Identifiers
- Symbol: FEZ
- Pfam: PF07763
- InterPro: IPR011680

Available protein structures:
- Pfam: structures / ECOD
- PDB: RCSB PDB; PDBe; PDBj
- PDBsum: structure summary

= FEZ-like protein =

In molecular biology, the FEZ-like protein family is a family of eukaryotic proteins thought to be involved in axonal outgrowth and fasciculation. The N-terminal regions of these sequences are less conserved than the C-terminal regions and are highly acidic.

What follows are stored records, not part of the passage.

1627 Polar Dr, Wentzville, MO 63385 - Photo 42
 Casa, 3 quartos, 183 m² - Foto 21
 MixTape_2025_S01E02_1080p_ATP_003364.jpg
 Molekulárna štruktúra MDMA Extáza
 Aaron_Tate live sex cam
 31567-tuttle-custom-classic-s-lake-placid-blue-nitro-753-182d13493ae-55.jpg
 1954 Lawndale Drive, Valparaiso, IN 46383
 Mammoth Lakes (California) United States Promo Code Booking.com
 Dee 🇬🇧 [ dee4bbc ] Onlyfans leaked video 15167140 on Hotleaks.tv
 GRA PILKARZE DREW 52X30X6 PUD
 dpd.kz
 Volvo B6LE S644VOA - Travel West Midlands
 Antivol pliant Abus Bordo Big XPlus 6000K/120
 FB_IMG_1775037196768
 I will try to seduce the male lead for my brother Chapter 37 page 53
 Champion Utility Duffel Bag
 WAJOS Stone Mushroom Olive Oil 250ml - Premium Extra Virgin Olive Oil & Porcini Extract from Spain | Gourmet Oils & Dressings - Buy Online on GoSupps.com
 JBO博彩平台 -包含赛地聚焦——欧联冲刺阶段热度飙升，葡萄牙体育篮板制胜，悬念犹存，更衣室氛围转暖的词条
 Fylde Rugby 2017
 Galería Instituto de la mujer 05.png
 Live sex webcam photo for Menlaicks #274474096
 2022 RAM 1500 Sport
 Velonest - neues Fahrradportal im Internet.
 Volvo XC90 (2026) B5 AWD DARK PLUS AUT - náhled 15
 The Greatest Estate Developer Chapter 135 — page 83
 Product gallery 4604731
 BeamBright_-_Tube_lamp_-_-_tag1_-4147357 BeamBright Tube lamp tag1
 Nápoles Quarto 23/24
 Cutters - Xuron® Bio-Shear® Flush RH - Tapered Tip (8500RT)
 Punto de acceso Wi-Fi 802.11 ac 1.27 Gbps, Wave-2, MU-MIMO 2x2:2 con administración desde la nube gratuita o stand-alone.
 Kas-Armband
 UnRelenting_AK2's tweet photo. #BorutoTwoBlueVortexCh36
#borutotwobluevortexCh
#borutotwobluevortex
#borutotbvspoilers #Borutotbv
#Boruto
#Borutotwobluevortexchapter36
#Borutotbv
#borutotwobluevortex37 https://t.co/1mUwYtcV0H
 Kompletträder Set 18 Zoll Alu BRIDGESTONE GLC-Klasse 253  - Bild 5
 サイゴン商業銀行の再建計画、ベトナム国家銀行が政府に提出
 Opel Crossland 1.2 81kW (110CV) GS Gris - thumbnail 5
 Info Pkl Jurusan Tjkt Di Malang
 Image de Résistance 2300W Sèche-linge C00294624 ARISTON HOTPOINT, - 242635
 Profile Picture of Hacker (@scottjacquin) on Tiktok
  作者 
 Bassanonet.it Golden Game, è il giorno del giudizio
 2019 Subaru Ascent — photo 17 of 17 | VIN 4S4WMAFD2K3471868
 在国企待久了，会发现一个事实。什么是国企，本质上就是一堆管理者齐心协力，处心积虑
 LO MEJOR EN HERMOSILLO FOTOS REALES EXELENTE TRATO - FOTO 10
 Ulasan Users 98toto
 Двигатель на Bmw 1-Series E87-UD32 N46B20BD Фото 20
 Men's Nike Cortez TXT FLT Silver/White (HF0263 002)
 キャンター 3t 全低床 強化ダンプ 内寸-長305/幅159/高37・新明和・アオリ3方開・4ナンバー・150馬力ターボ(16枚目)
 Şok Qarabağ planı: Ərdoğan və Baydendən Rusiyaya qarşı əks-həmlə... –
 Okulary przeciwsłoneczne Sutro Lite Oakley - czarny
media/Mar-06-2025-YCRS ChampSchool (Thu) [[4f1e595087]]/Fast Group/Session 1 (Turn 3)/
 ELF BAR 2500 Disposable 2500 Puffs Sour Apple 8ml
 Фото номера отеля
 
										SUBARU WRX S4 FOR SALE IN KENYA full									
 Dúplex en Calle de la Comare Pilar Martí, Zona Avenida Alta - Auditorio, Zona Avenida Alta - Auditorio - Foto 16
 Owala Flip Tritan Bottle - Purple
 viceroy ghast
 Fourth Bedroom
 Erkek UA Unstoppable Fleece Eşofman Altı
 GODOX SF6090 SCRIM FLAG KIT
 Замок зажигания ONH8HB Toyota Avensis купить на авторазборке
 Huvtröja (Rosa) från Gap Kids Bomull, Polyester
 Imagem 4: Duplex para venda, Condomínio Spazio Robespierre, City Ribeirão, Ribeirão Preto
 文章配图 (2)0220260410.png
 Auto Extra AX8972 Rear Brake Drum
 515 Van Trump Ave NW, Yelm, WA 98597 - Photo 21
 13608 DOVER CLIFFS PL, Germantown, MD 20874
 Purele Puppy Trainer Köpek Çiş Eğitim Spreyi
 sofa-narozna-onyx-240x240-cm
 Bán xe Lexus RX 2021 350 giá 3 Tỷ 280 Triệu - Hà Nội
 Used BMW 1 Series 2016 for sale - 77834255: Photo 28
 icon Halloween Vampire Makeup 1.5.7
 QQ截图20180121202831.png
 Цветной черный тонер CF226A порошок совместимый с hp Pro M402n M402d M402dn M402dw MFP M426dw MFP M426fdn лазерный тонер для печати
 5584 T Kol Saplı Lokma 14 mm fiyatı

The Caenorhabditis elegans homologue, UNC-76, may play structural and signalling roles in the control of axonal extension and adhesion (particularly in the presence of adjacent neuronal cells). These roles have also been postulated for other FEZ family proteins. Certain homologues have been definitively found to interact with the N-terminal variable region (V1) of PKC-zeta, and this interaction causes cytoplasmic translocation of the FEZ family protein in mammalian neuronal cells. The C-terminal region probably participates in the association with the regulatory domain of PKC-zeta. Members of this family are predicted to form coiled-coil structures, which may interact with members of the RhoA family of signalling proteins, but are not thought to contain other characteristic protein motifs. Certain members of this family are expressed almost exclusively in the brain, whereas others (such as FEZ2) are expressed in other tissues, and are thought to perform similar, but unknown, functions in these tissues.